Tina's four small children had been pulled from her by the county. As a drug addict on a grim, downward spiral, Tina seldom slept, ate poorly, and lived in and out of dingy apartments, while neglecting her children. Due to her physical condition, her teeth were falling out.
"If you had met me on the street then," she says today, "you would cross to the other side to avoid me."
Meanwhile, not far away in Petaluma at about the same time, Jason Armould was dodging the police, dealing and using drugs in a lifestyle he says today was little help in smothering a fatherless childhood of poverty.
"In school I was a chronic truant and pothead, sleeping at night in garages," he says of his teen years in Long Beach, Calif. "Later I started providing for myself with drug deals, and I was the drug man." He was in and out of juvenile facilities and jail for years.
But jump ahead to the present, to a sunny, light-yellow house with white trim on Yulupa Street in Santa Rosa, Calif.

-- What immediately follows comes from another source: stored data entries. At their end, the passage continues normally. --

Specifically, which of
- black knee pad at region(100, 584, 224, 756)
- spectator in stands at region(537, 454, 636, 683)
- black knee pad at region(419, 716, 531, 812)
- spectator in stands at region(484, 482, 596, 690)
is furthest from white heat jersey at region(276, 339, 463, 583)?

The new owners are Jason and Tina Armould, now married. Open the front door to the sounds of four happy, healthy children. The Armoulds are steadily employed, sober, stable, and a fun-loving family. From the perspective of a mortgage company, they have a superior credit rating.
The Armoulds' remarkable story of recovery from years of heavy drug use to a drug-free, normal family is complex and unusual. "We are so grateful to many people," says Tina. "But five years ago nobody would let me sleep on their couch."
According to the National Institute on Drug Abuse, for addicts to reach a point of abstinence, like the Armoulds, the length and effectiveness of treatment, combined with support services, are key. But for many addicts, there can be a single turning point, when the depth of their despair sparks a sudden need to stop.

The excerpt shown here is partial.